Our framework predicts that Decentraland LAND would still suffer a large degree of speculation but less so than in games committed to a stronger locational benefit, such as The Sandbox and Axie Infinity. One of our consistent predictions for those other games has been that when confronted by the contradictions of virtual real estate speculation, their developers would pursue a policy of “land dilution.” This way, they maintain the nominal scarcity of land but attempt to dilute either the necessity of the land for production (such as weakening its gatekeeping over resources and features) or its locational benefits (by introducing teleportation, for example). In Decentraland’s case, it’s as if they preemptively pursued a policy of strong land dilution right from the get-go.
In short, the land problem is a concern for Decentraland but perhaps not as critical to its fate as it has been for other virtual real estate games. A greater concern is simply whether the platform has what it takes to attract and retain a regular audience of players and creators.
How Is Decentraland Doing?
Let’s try to gauge Decentraland’s health by looking at some top-level metrics. We’ll start by looking at the (non-fully-diluted) market cap of the game’s in-game token, MANA:

MANA’s trajectory has largely followed that of the broader crypto market. The token was worth pennies until March 2021 when it enjoyed its first spike, then took off in late October as the NFT gaming market exploded. It peaked in November and has declined ever since, settling back down to about the same prices we last saw in October 2021.
This by itself isn’t conclusive. The token price and market cap are still well above historical trend. The real question we want to ask is if Decentraland is well positioned for long-term stability. In concrete terms, now that we’ve weathered an initial speculative rush, should we expect this virtual mall to attract a regular stream of shops and customers?
To answer that question, we’ll want to probe a bit further. Here’s some sub-questions we can answer to understand the broader picture:
- Has Decentraland fared better or worse than the crypto market in general?
- Is there continued demand for Decentraland LAND?
- Are lots of people playing Decentraland?
- What are people actually doing in Decentraland?
Has Decentraland fared better or worse than the crypto game market?

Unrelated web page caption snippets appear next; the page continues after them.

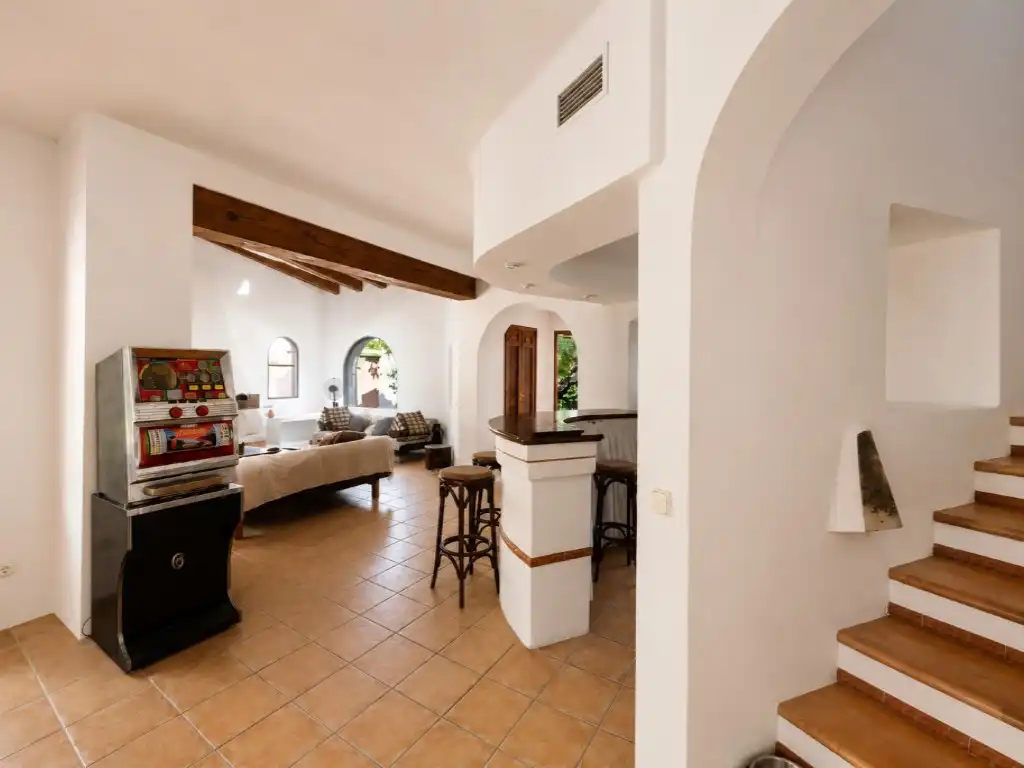 Casa o xalet en venda en Calvià amb Aire condicionat, Jardí privat i Terrassa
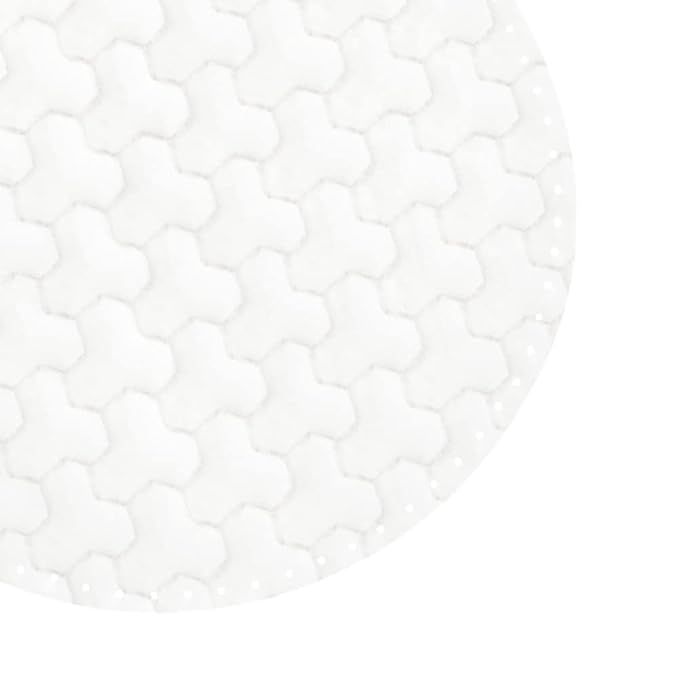 Amazon Essentials Exfoliating Cotton Round, 600 Count (6 Packs of 100) (Previously Amazon Basics)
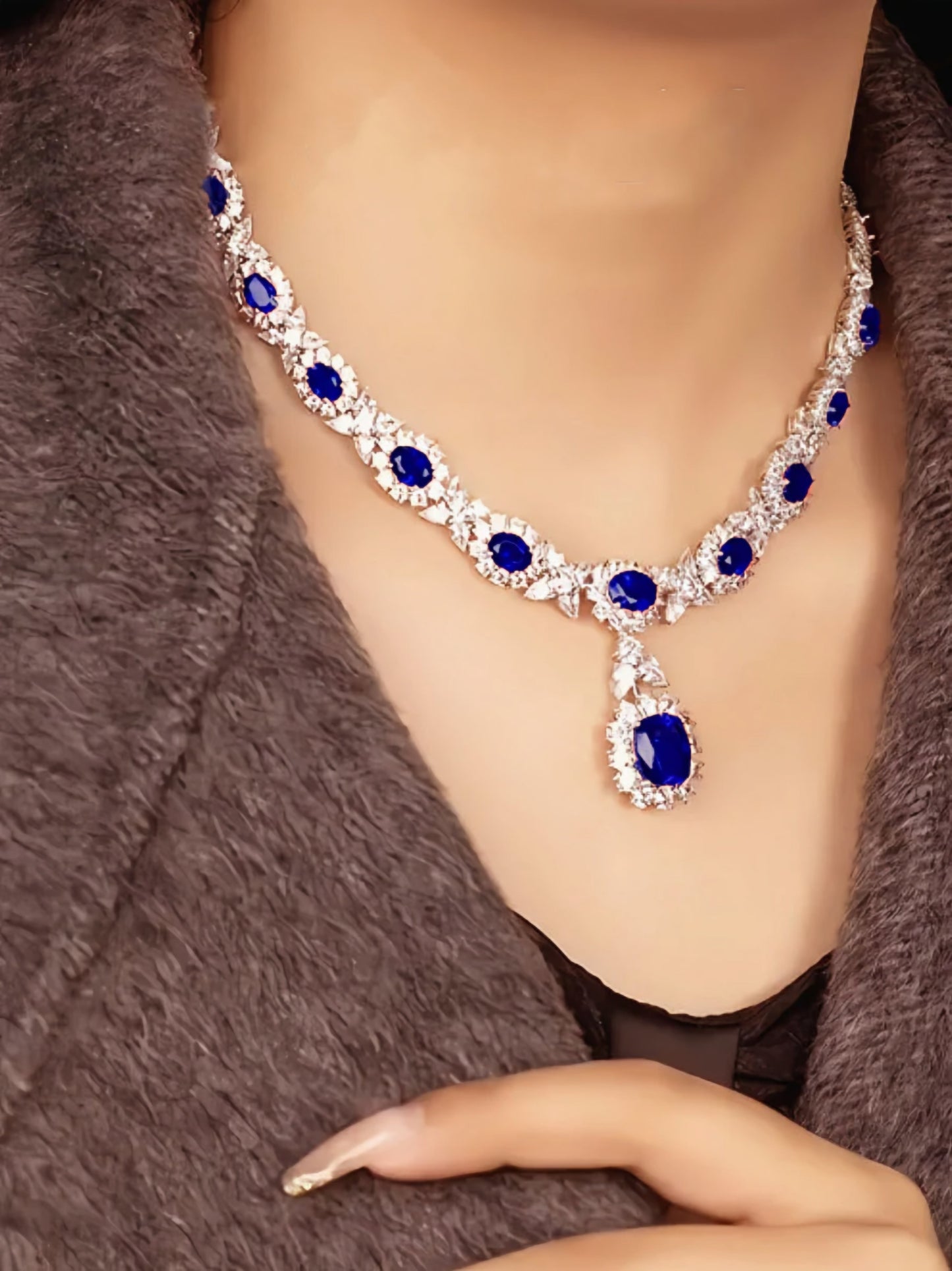 Zenobia Necklace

Let’s start by comparing Decentraland against the other major virtual land crypto games. Here’s a graph comparing the primary tokens of Decentraland (MANA), The Sandbox (SAND), and Axie Infinity (AXS):

Interestingly, these three games have very similar (non-fully-diluted) market caps. Each had a different trajectory when they first got big, but the trip down was largely the same for all three. As of this writing, Decentraland has the highest market cap among them.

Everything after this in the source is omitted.